◆ What the task asks:
In the listing below, the lines starting at the line with "Apartamento, 3 quartos, 90 m² - Foto 3" and ending at the line with "Ойын Beautiful Beach" are to be output verbatim. Images stay out of the copy.

◆ Records for the task:

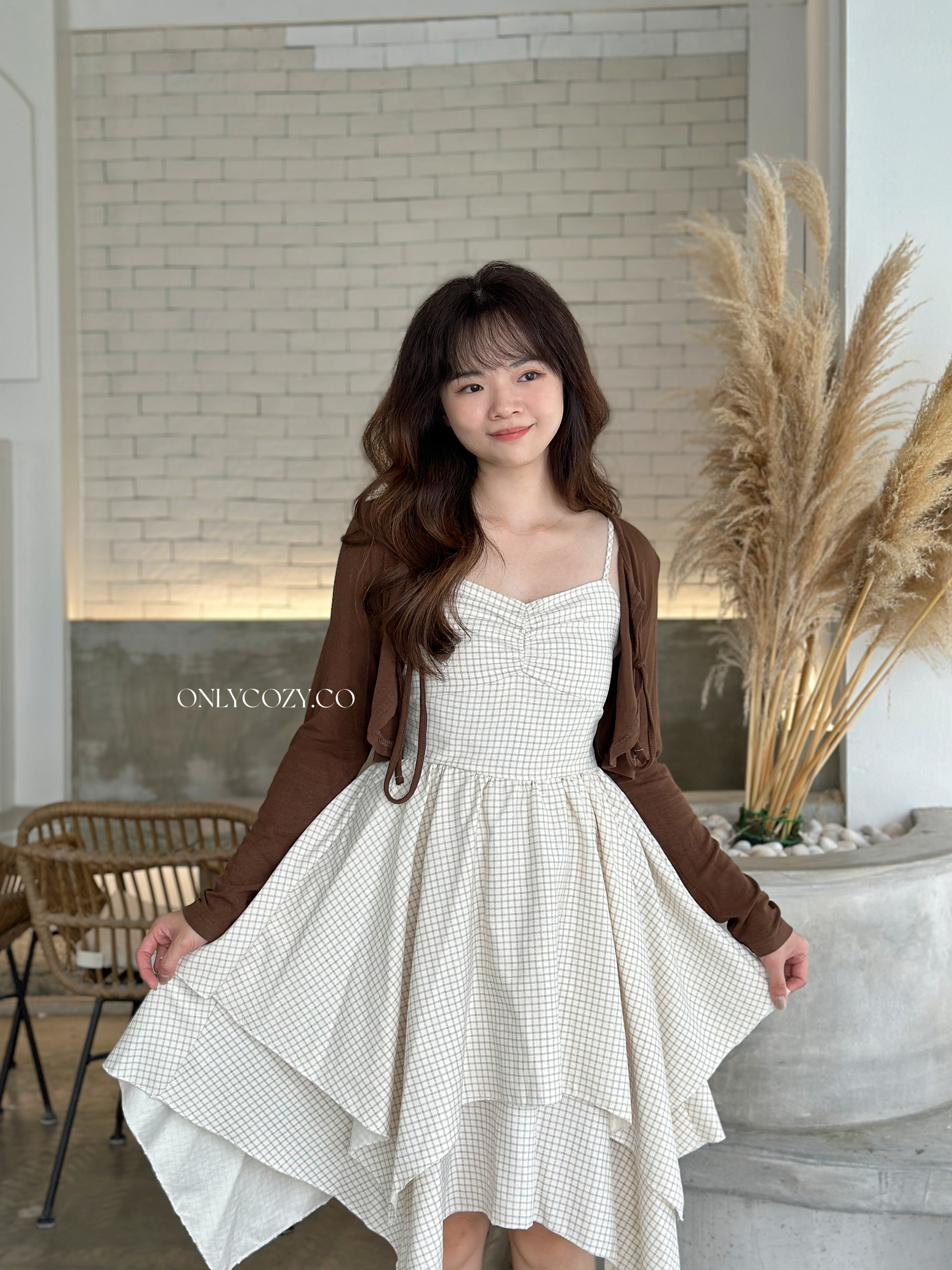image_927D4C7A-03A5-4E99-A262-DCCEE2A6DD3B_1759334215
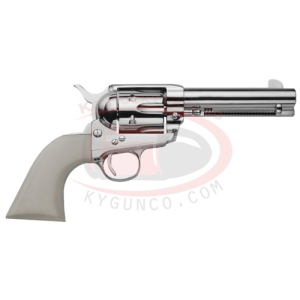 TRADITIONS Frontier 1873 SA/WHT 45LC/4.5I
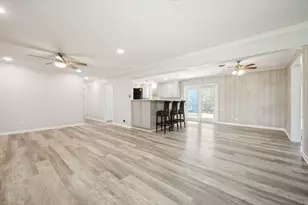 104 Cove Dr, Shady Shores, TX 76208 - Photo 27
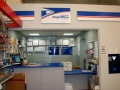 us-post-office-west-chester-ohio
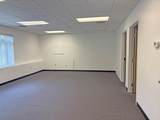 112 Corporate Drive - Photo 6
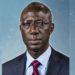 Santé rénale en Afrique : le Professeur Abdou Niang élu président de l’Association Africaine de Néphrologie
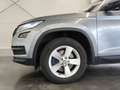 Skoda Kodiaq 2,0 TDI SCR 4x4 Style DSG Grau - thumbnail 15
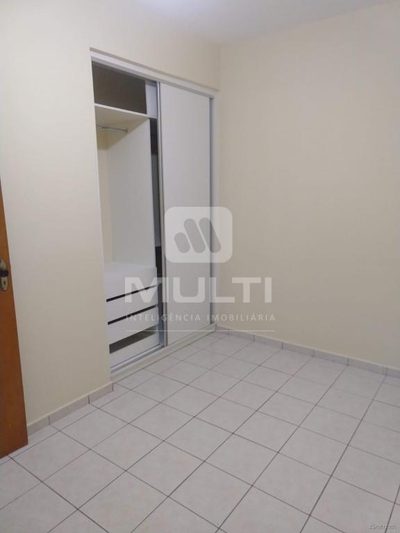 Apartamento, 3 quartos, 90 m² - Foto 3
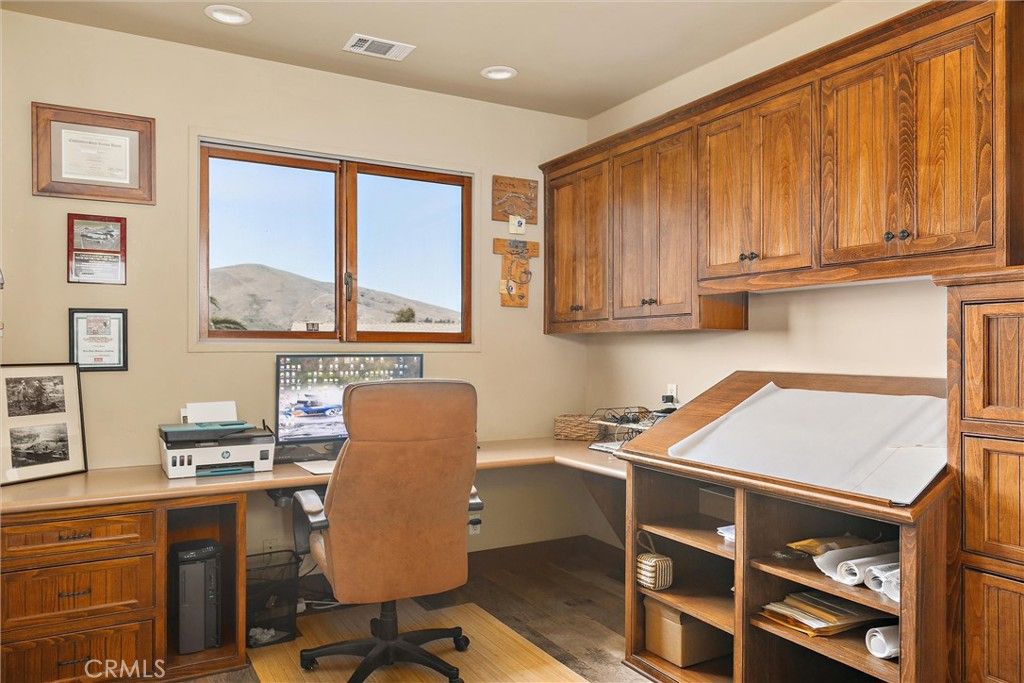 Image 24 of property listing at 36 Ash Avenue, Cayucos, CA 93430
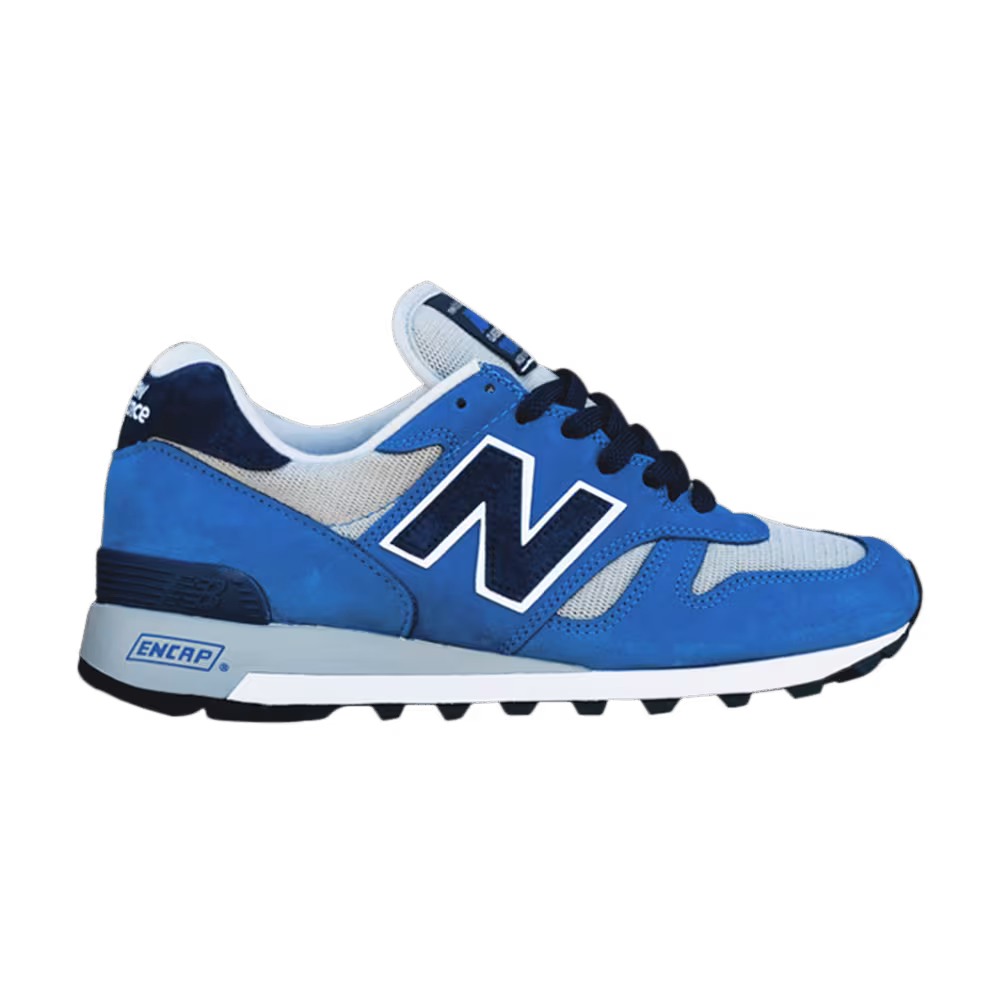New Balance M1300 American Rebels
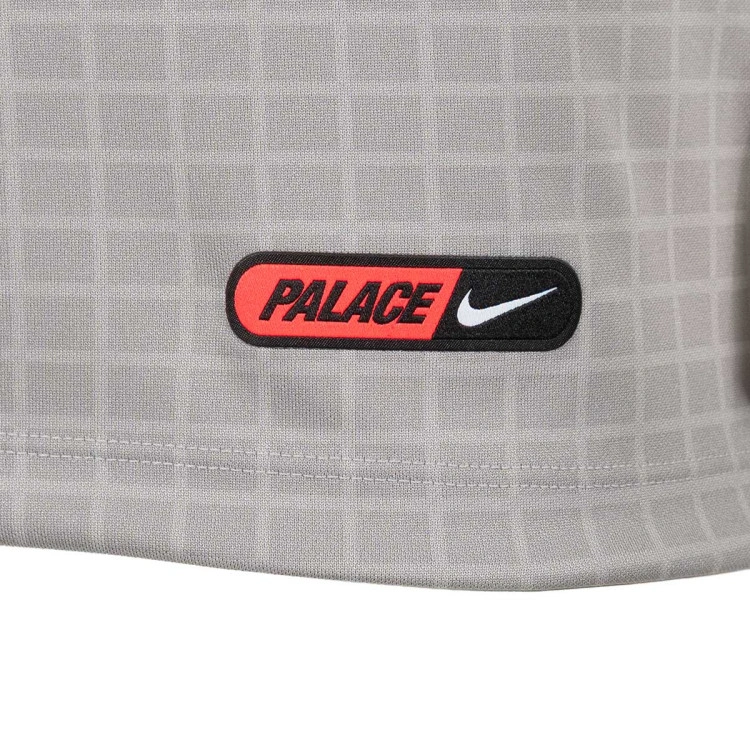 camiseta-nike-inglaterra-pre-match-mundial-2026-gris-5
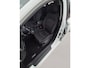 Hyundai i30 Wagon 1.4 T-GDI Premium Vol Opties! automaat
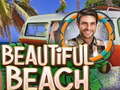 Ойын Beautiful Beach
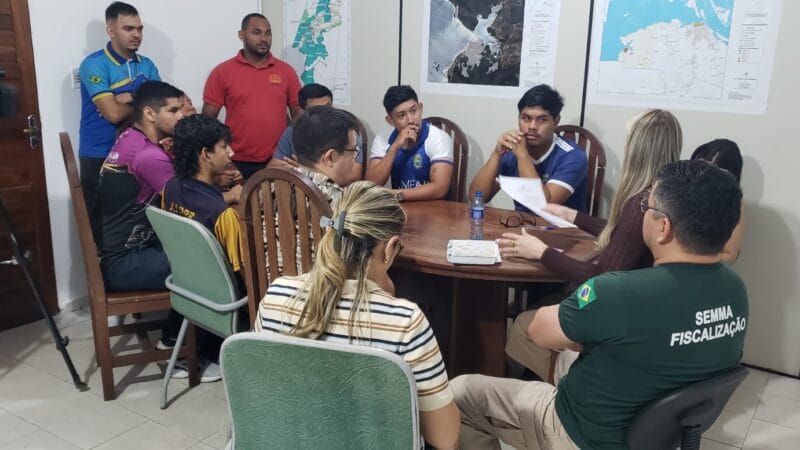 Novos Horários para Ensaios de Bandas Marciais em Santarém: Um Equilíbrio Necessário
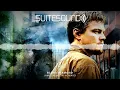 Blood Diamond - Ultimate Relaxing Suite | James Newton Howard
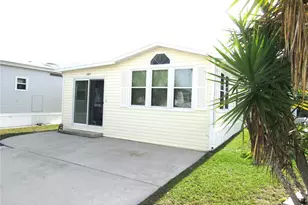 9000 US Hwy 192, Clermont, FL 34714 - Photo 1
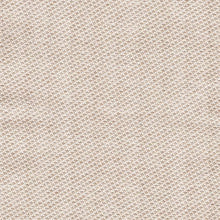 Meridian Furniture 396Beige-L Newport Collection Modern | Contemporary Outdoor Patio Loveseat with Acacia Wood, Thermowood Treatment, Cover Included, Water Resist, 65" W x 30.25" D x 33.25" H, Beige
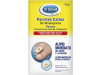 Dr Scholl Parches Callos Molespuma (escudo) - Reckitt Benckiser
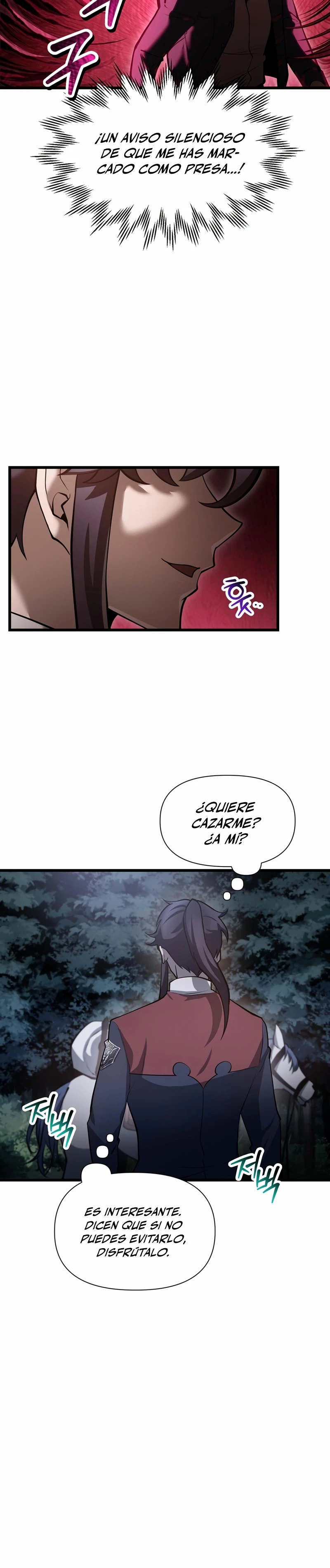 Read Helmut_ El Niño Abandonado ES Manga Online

◆ Task result:
 Apartamento, 3 quartos, 90 m² - Foto 3
 Image 24 of property listing at 36 Ash Avenue, Cayucos, CA 93430
New Balance M1300 American Rebels
 camiseta-nike-inglaterra-pre-match-mundial-2026-gris-5
 Hyundai i30 Wagon 1.4 T-GDI Premium Vol Opties! automaat
 Ойын Beautiful Beach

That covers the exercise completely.